After two years and nearly 200 hundred rejections, I gave up. That’s not to say I gave up on writing or my dream of being published, but I gave up on my theory that my book was a misunderstood masterpiece. I might have blamed any number of sources for my failure - poor judgment on the parts of the agents and publishers, lack of industry funds, the changing marketplace, etc. - but I was never comfortable putting that much of my fate into someone else’s hands. I admitted to myself that the problem might be me. So I pulled my manuscript out of circulation and gave it a long, hard, honest look. Lo and behold, I found some issues. Issues that, deep down inside, in a place I don’t like looking at, I suspected were there all along.
The characters needed to be amped up and more clearly defined. There were some loose threads that never really went anywhere. The scenery wasn’t clear. Yes, there were issues, but also, there was enough potential that I couldn’t just scrap the novel - even though I tried.
Fast forward to 2015. My collaborator, Tamara Thorne, and I had just gotten our haunted hotel novel, The Cliffhouse Haunting, published - and it was time to start the next project. We were all set, but there was something I had to do first. I had to re-work the manuscript I’d completed in 2010. So, I put many things on hold, dug my heels in, and refused to go forward on anything else until I gave my solo novel one more hard, honest rewrite.
What ended up happening was, again, not what I had planned. Rather than reworking the existing novel, I rewrote it entirely, keeping only the plot’s most skeletal basics - a few characters, and about three scenes I felt were strong enough to make the cut. I switched the point-of-view from first to third person, rearranged some plot points, and added new layers of texture to the characters and their relationships with each other. What I ended up with was an entirely different story - a better one that had no trouble seeing publication. Its title is The Crimson Corset, and it was released in early August of this year. Finally.
Five years is a long time, especially in writer-speak.
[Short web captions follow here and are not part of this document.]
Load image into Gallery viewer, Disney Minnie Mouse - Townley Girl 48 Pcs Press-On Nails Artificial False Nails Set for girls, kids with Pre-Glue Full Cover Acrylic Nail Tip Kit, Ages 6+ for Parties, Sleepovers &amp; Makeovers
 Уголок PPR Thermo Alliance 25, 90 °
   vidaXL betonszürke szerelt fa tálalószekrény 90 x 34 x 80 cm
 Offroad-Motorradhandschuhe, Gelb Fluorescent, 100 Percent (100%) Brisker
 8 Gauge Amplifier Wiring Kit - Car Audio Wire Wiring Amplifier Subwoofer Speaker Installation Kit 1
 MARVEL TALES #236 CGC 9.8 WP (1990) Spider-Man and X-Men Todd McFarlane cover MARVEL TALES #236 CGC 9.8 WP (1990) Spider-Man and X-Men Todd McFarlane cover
But in that time, I kept writing and managed to get a few other works published. More importantly, I developed, becoming a stronger writer with a keener eye, a sharper focus, and a deeper understanding of the fundamentals of good storytelling.
I won’t lie. It burns to realize your novel isn’t good enough. It’s disheartening, it’s aggravating, and because it’s your own hard work, it is personal, regardless of what they tell you. But there is a great mercy in the midst of this misfortune, and that is seeing how much you’ve improved with time. It wasn’t that my story wasn’t good enough - it’s that I simply wasn't ready to tell it. I needed a little time, a little more experience, and only with those ingredients could I give full justice to the novel I was trying to write.
And I never resented having to rewrite this novel; I loved every minute of it - so much, in fact, that I’ve agreed to make it the first in a series: The Vampires of Crimson Cove. I have never subscribed to the philosophy that creating art is a painful, grueling process. If I believed that, I don’t know that I would continue. If writing was as painful as some claim it is, I would simply do something else, something that didn’t hurt quite so much, something more suitable to my abilities. But the fact is, I love writing. Even rewriting. Sure it’s hard work, but when you write what you love, hard work is fun work. And the industry has nothing to do with it. A writer’s business is to write the kinds of books that readers want to read. Do that, and the rest will take care of itself.